The second half of the film, as the kids return home and go their separate ways, is a delicate balance of disillusion and hope for the future, as Gilles becomes less interested in politics and more in love with art and filmmaking in particular. While Gilles gets a job working for his dad at a TV studio and watches and reads about movies in his free time, along with putting together trippy light show for rock bands, Christine remains a committed lefty while Alain and the redhead drift. The requisite "decadent 70s" sequence is set at a house similar to the one in Assayas's Summer Hours. But where the party that ends that film is all golden sunlight, cheery kids, innocence and beauty, this one is a druggy, fiery haze ending in chaos, death and Captain Beefheart.
In Carlos, Assayas chronicled the descent of 60s radicalism into the kind of nihilistic violence we call terrorism today. With this film, he tackles the flip side of that same subject, as leftist idealism fragments both in the face of bourgeois temptation (drugs, money, art) and under the weight of its own radicalism. All radical movements crumble for the same reason: purity becomes more important than reality and the radicals cannibalize themselves (see what's going on in the GOP right now).

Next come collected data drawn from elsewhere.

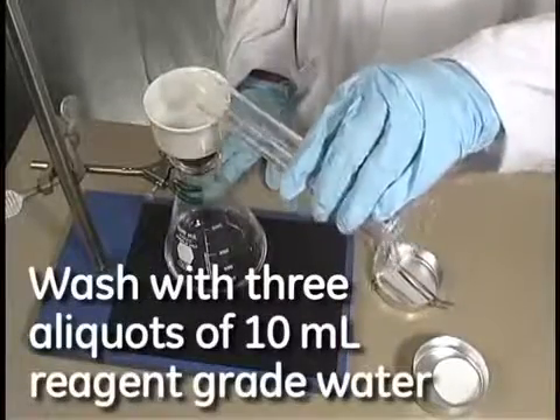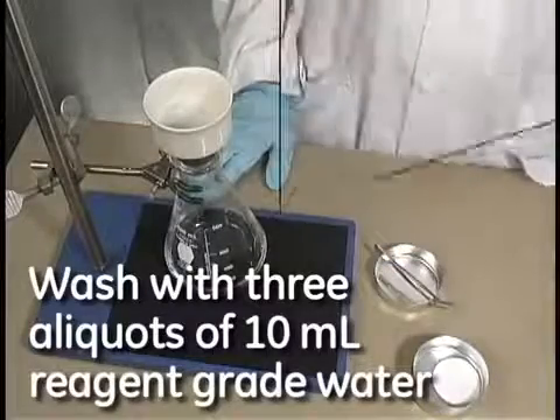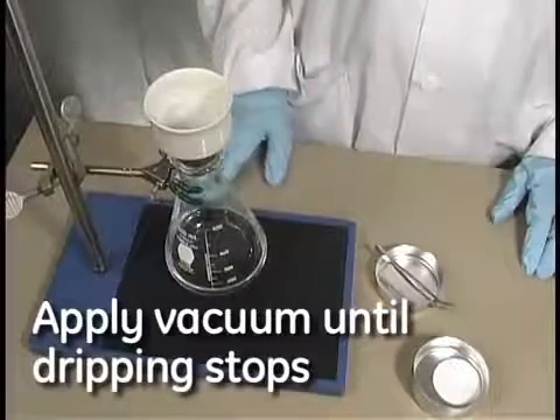After you've poured your sample, wash with three 10ml aliquots of reagent grade water. Apply vacuum until the dripping stops, then turn off the vacuum.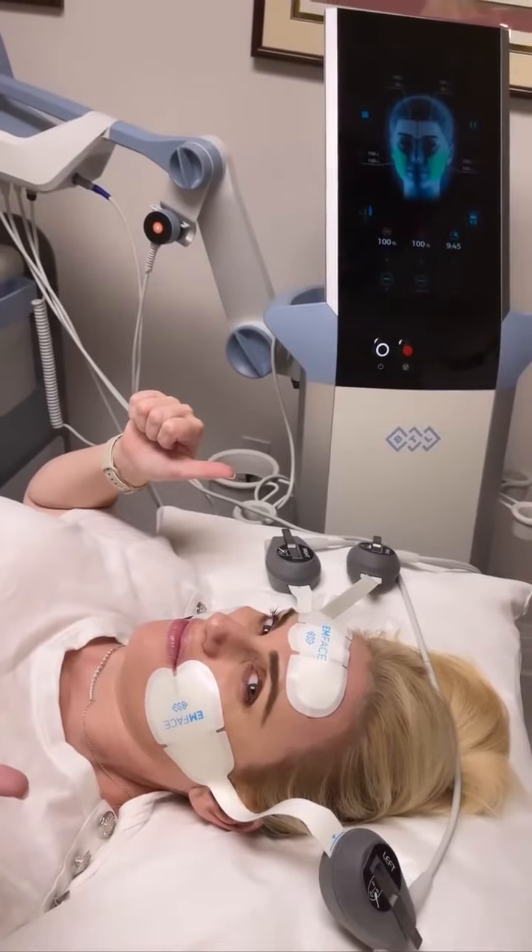Look at me. My forehead definitely feels like lifted and then my cheekbones look snatched.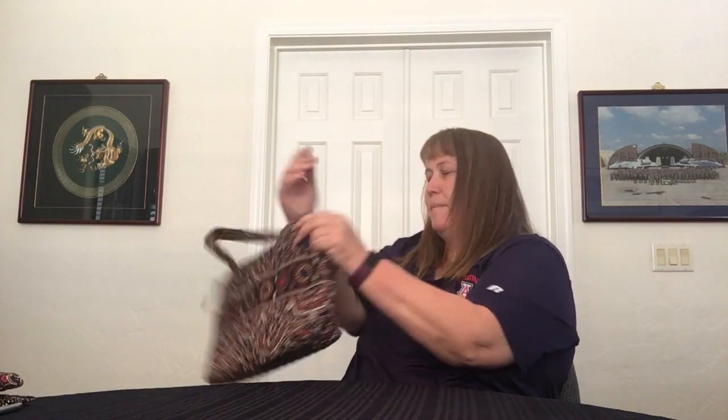Some bags of this sort have hardware here so that when you lay it down, the straps will lay flat against the bag. I don't think that's super important. As this bag gets used a bit, those straps will lay flatter as they break in. You can also train them — steam it or something and just hold it down and train it to lay flat.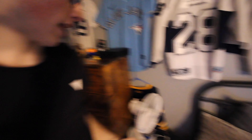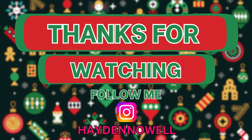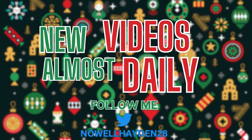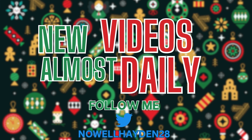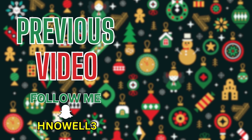Alright guys, well I hope you enjoyed that video. If you did, please drop a like on it, make sure you comment down below what you thought, and make sure you share this video with all your friends. Also guys, if you want me to do more videos like that with the GoPro, I'll gladly do them because honestly it was a ton of fun and it turned out really cool. Subscribe if you're new, and make sure you smash that bell icon so you can get notified when I post new videos. Hope to see you guys in the next one, peace out.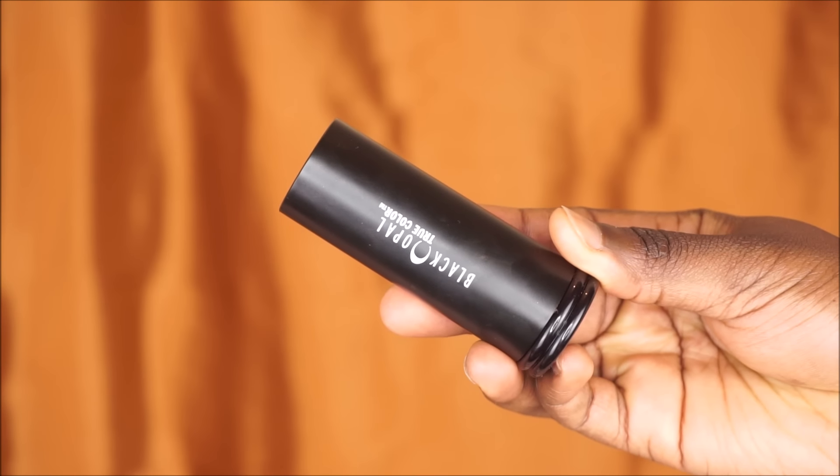Now I'm gonna use a setting powder and place this on my smile lines — this really helps my foundation not separate around my smile lines throughout the day and keeps it matte for most of the day. If you have oily skin, this will really help control your oil as well.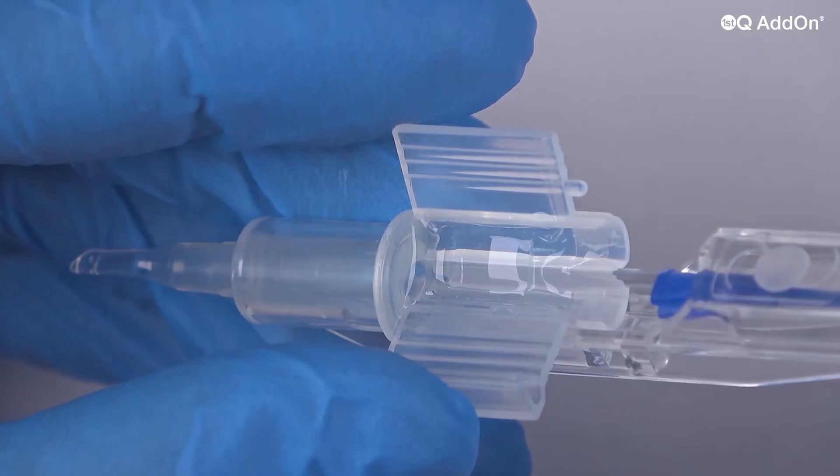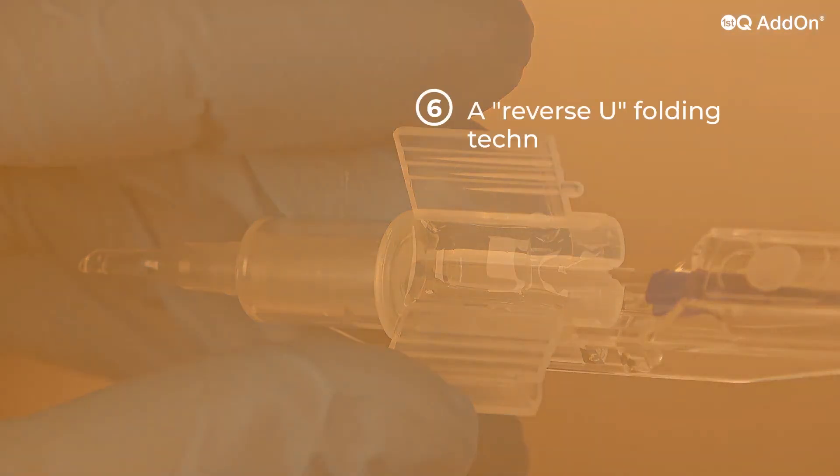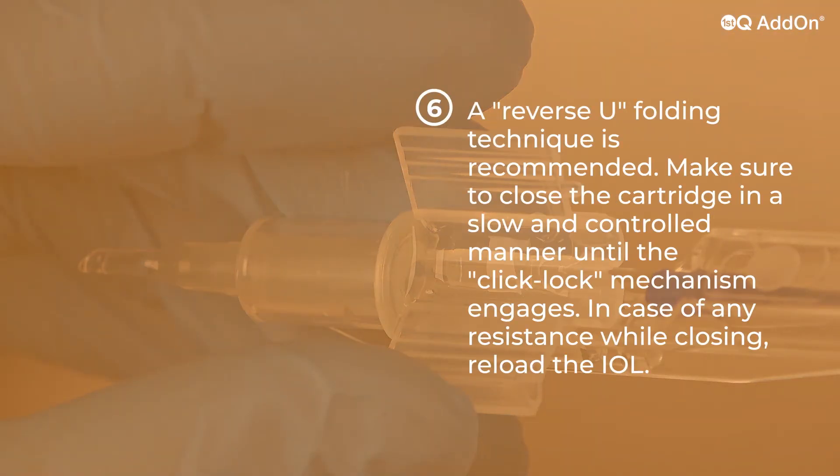To ensure a downward exit of the leading haptics from the nozzle, a reverse U-folding is recommended. Observe the shape by slowly closing the wings.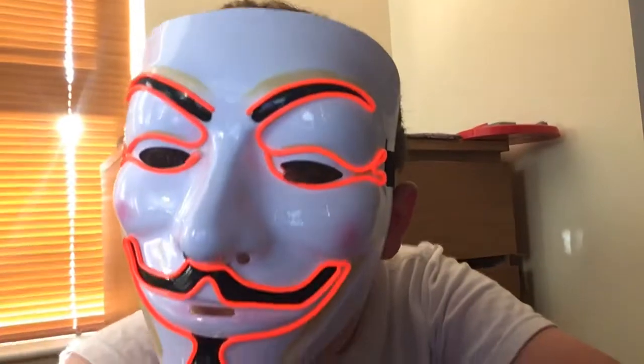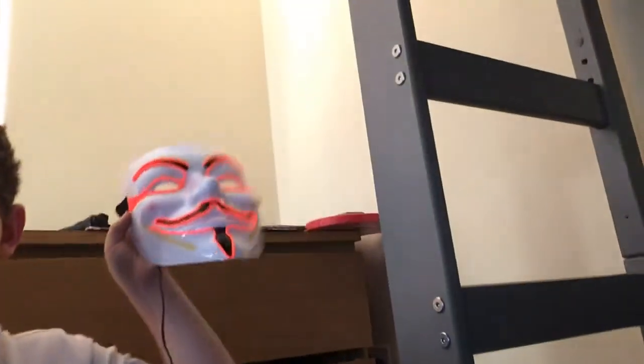Yeah, that's my review on the Hacker mask. Does it look like I'm actually wearing it? I hope you enjoyed today's video — I know it was a short one, but I hope you have a great day. Bye!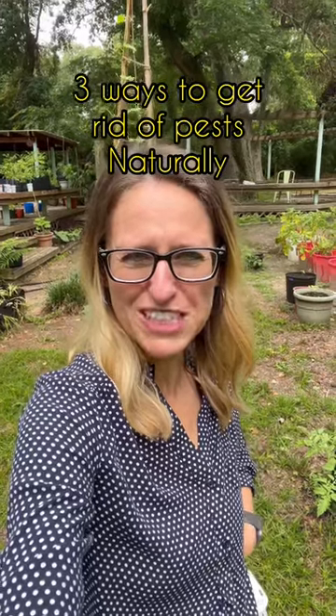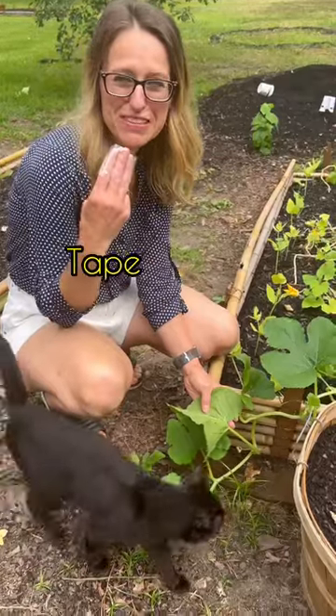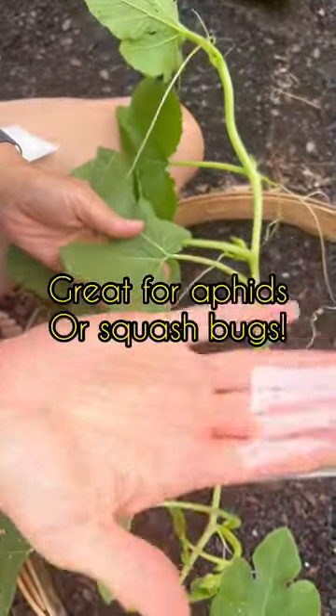Here are three ways you can get rid of pests in your garden naturally. Number one: tape. Just stick it on and pull them off.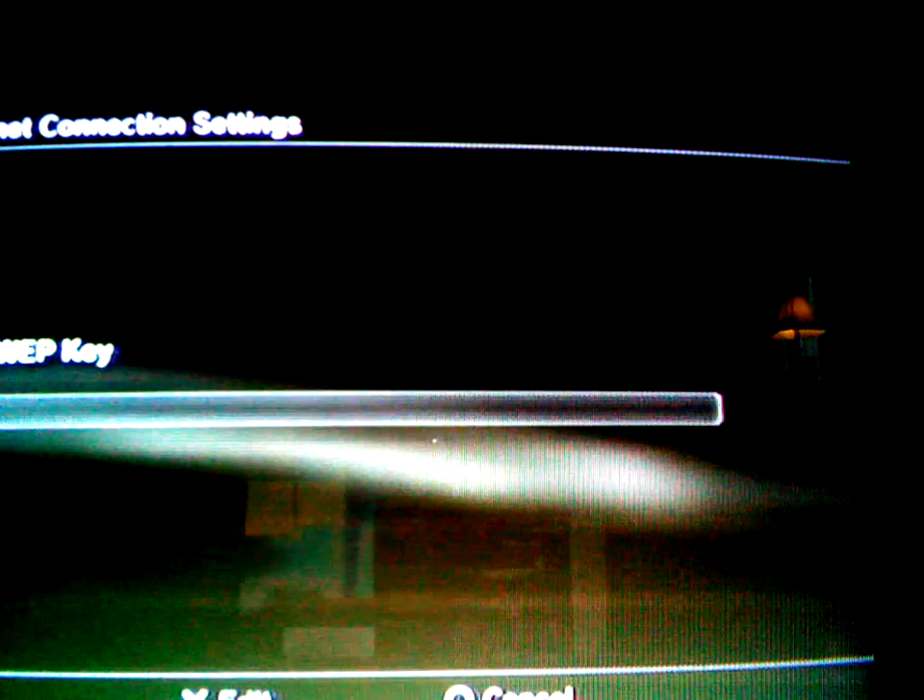Then you enter the key. I have to cover it and focus out on the screen now because I am entering my key.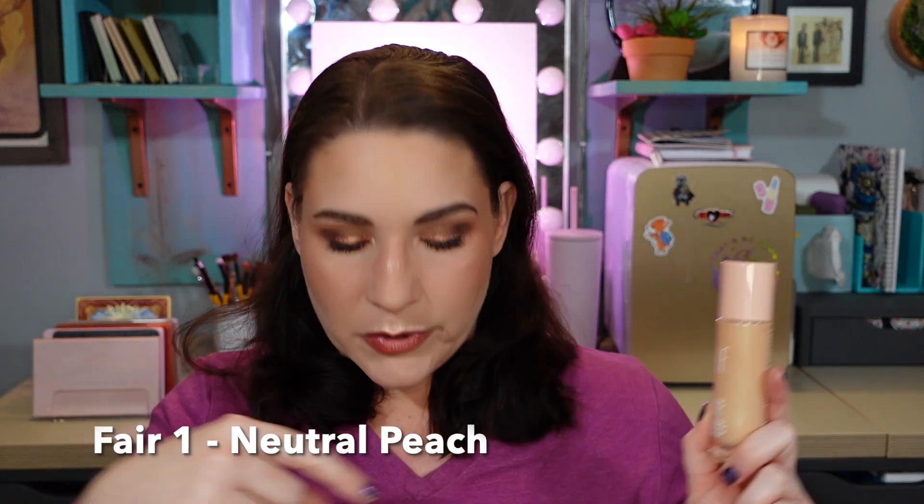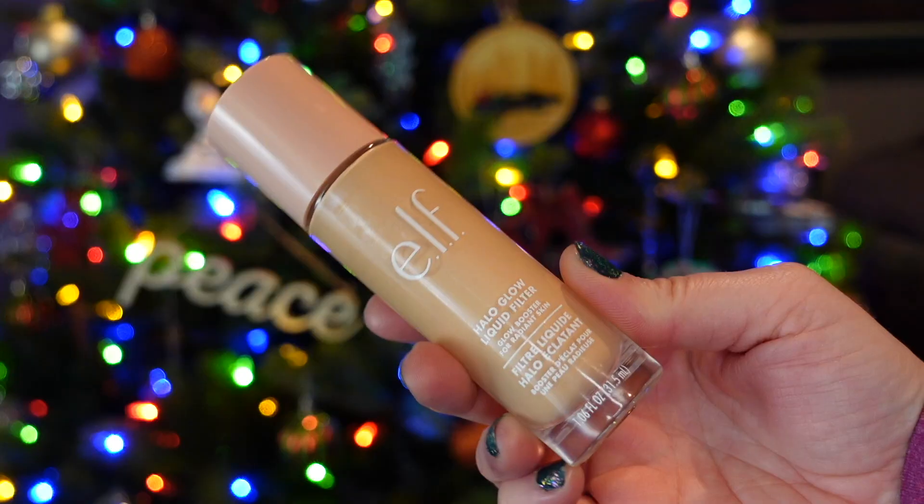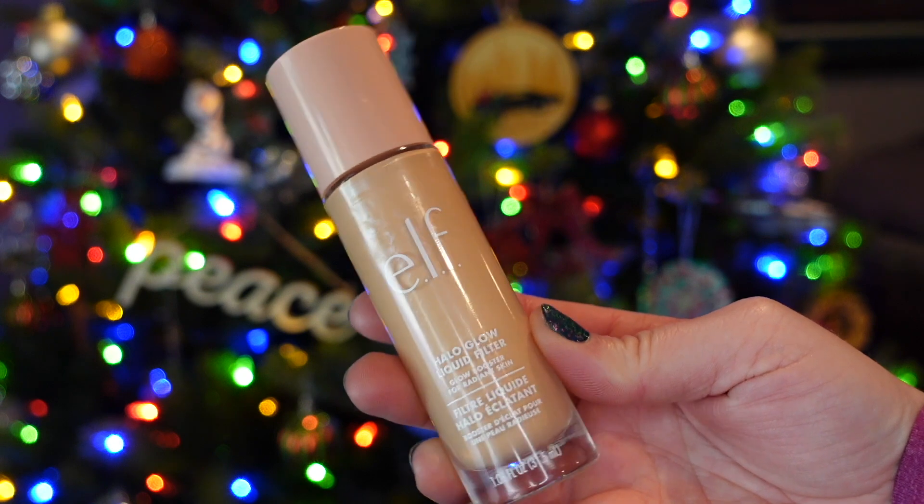Adding into my foundations and mixer is the e.l.f. Halo Glow Liquid Filter in shade one fair — or light peach, as I thought it was called on the website. I basically do two dips into this and mix it in with my foundation every single day. I love that it adds a little bit of glow to my usually flat and matte foundations, and I know it's feasible to finish one of these in a year because I know how long it takes.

That's why we're a little sad to see Christine still helping the collective schlep their boring films around to increasingly small audiences of like-minded radicals, though she alone has remained true to their youthful ideals. She seems happy, and certainly admirable as a person, but somehow diminished. Gilles on the other hand is open and expansive, absorbing politics as he absorbs everything else he encounters before eventually moving on to the next discovery, the next world. We leave him working on a B movie set at Pinewood Studios surrounded by Nazis and dinosaurs, an artist on the ground floor, looking up.